Today, registering to vote has never been easier. Federal law requires DMV offices and other government agencies to offer voter registration services (though how proactive and easy this is still varies). Voters can register now by mailed-in postcards. Since 2010, twenty-nine states (including deep-red ones) and Washington, D.C., have passed online registration laws.

Steps 3 and 4, the marking and casting of ballots, have changed a lot too. Long gone are lever-laden voting machines and chad-prone punch cards. Most voters now either use optical-scan (“fill in the bubble”) paper ballots or navigate ATM-like touchscreens. Finished ballots are then put in a secure box or transmitted electronically to be counted.

Largely unchanged, however, is Step 2. As they did a century ago, voters connect with their ballots either by physically going to a designated polling site or by formally requesting (and being approved for) an absentee ballot.

Universal vote by mail fundamentally changes this step. In UVBM, it is the government’s obligation—not the voter’s—to make this connection, by sending every registered voter a ballot.

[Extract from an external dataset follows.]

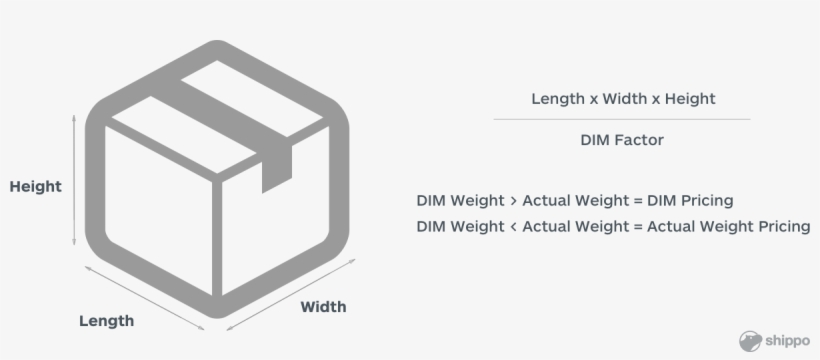 Dimensional Weight Illustration - Papovavirus, transparent png download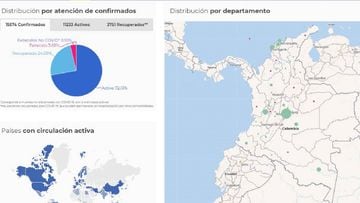 Mapa de casos y muertes por coronavirus por departamentos en Colombia: hoy, 17 de mayo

The distance between Steps 1 and 2 now represents an uncrossed chasm for the majority of America’s registered voters in almost every election save presidential contests. In the 2014 midterms, 83 million registered voters got to Step 4; almost 110 million never even got from Step 1 to Step 2. In party primary elections, the number is closer to 150 million—four times the number reaching Step 2, much less Step 4.

UVBM literally collapses the distance between Steps 1 and 2. All registered voters start at Step 2, rather than Step 1, by receiving their ballot in the mail approximately two weeks before each election.

Unlike in polling places—where Steps 2, 3, and 4 follow in rapid succession—in a UVBM system days or weeks may pass before a voter even gets to Step 3. Some voters never will, but the net gain from this change is still dramatic. Get every voter to Step 2, and far more are likely to get to Step 4. (While the “blank ballots” get thrown out or recycled, without a valid signature they’re no more capable of producing a fraudulent vote than store-bought eggs are of hatching a chicken.)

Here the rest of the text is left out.